2. The method as claimed in claim 1, wherein the step of, retrieving, data from an existing data source, includes the step of:
retrieving, by the one or more processors (202), the data from the existing data source based on at least one of:
the user selecting the existing data source via at least one of, a user interface (206) or a Command Line Interface (CLI); or
one of, a service, microservice, component and an application transmits a command to the one or more processors to select the existing data source.
3. The method as claimed in claim 1, wherein the step of, retrieving, data from a new data source, includes the steps of:
creating, by the one or more processors (202), the new data source when at least one of:
the user selects one or more data sources from a list of data sources via at least one of, the user interface (206) or a Command Line Interface (CLI); or
one of, the service, the microservice, the component and the application transmits a command to the one or more processors to select the one or more data sources;
pulling, by the one or more processors (202), the data from one or more data sources and storing the data at the new data source; and
retrieving, by the one or more processors (202), the data from the new data source.
4. The method as claimed in claim 1, wherein the data is categorized as at least one of, the historic data and the current data based on a time of generation of the data.
5. The method as claimed in claim 1, wherein the one or more parameters include at least one of, size of the data, size of the model and weight of the model.

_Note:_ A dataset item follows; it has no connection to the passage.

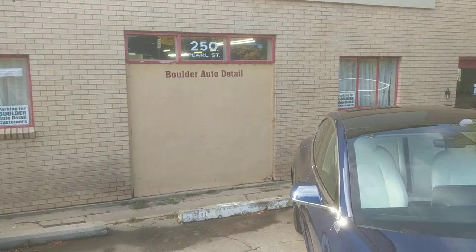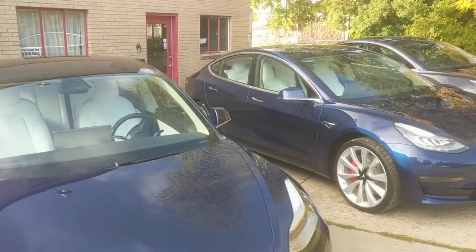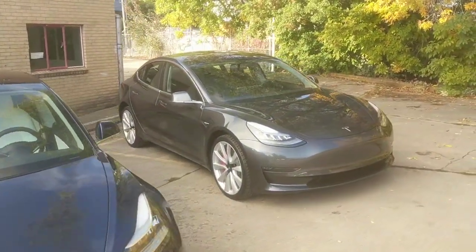Good morning, it's Mike with Boulder Auto Detail. Here are some amazing photos of a couple of Model 3s we just finished putting the Ceramic Pro gold package on.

6. The method as claimed in claim 1, wherein the step of, autotuning, one or more hyperparameters for the pre-processed historic data and the current data, includes the steps of:
identifying, by the one or more processors (202), the one or more parameters from the historic data and the current data;
selecting, by the one or more processors (202), the one or more hyperparameters from one or more sources based on the identified one or more parameters, wherein the one or more sources includes the one or more hyperparameters which are at least one of, used previously representing similar types of the one or more parameters, or pre-defined for the one or mor parameters; and
autotuning, by the one or more processors (202), the one or more hyperparameters selected for the historic data and the current data based on the selected one or more hyperparameters.
7. The method as claimed in claim 1, wherein the method further comprising the steps of:
creating, by the one or more processors (202), a training name and a model name for training the model based on receiving the training name and the user selecting the model’s name from a list of model names via a user interface (206);
setting, by the one or more processors (202), a version based on the created training name; and
allocating, by the one or more processors (202), one or more network elements for training the model based on at least one of, the user selecting the one or more network elements for training the model via the user interface (206), or one of, the service, the microservice, the application or the component transmitting a request to the one or more processors to select the one or more network elements for retaining the existing trained model.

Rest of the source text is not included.